= SOURCE MATERIAL =
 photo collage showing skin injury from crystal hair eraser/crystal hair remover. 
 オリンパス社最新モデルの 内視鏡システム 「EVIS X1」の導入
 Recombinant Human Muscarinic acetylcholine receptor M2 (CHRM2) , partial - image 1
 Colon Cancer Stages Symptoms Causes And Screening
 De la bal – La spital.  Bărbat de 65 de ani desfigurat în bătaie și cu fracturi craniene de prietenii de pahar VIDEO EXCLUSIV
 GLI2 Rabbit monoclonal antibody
--
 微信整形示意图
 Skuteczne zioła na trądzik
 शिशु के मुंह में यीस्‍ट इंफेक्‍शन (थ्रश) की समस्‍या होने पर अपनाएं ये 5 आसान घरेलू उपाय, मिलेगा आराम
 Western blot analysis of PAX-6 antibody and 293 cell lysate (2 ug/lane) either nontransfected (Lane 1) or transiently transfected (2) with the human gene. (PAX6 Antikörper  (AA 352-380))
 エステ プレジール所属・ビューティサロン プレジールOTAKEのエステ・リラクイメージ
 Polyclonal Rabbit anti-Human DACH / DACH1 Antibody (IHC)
---
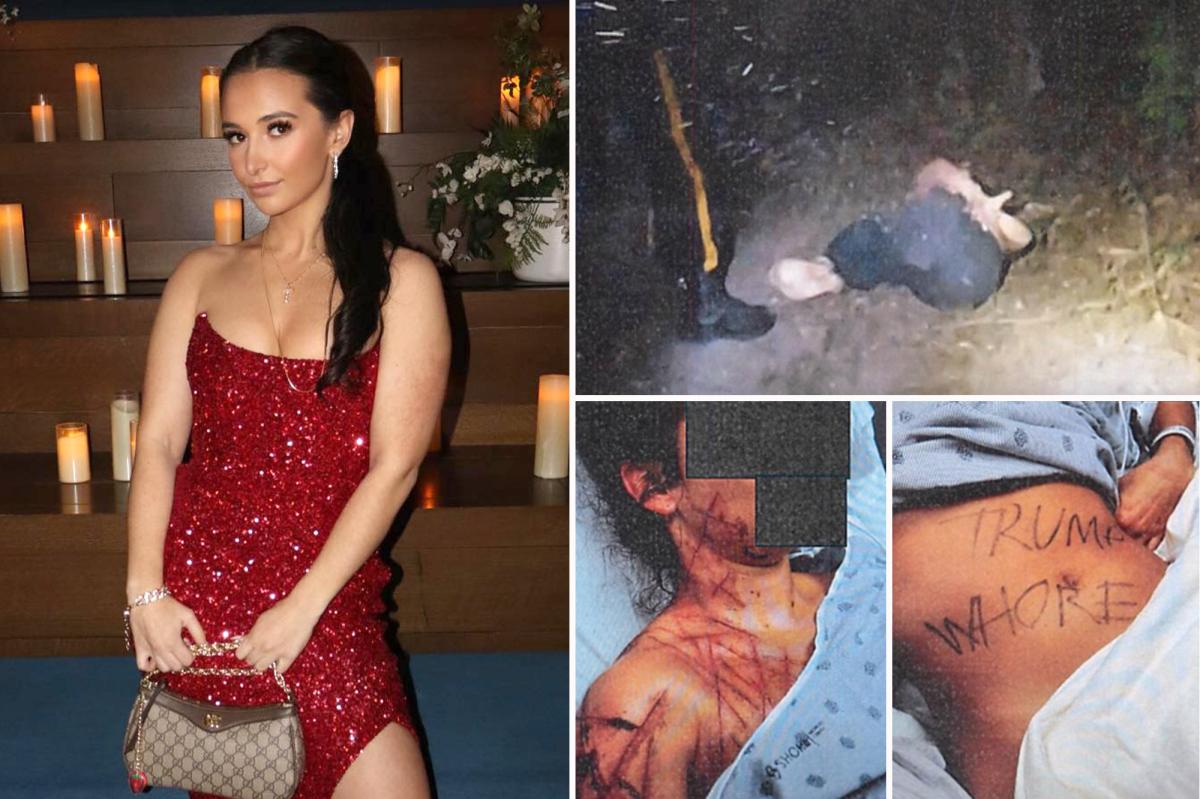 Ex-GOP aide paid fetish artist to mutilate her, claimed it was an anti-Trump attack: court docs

= TASK OBJECTIVE =
In the listing above, how many lines include the string "Rabbit"? Reply with the number alone.

= RESULT =
2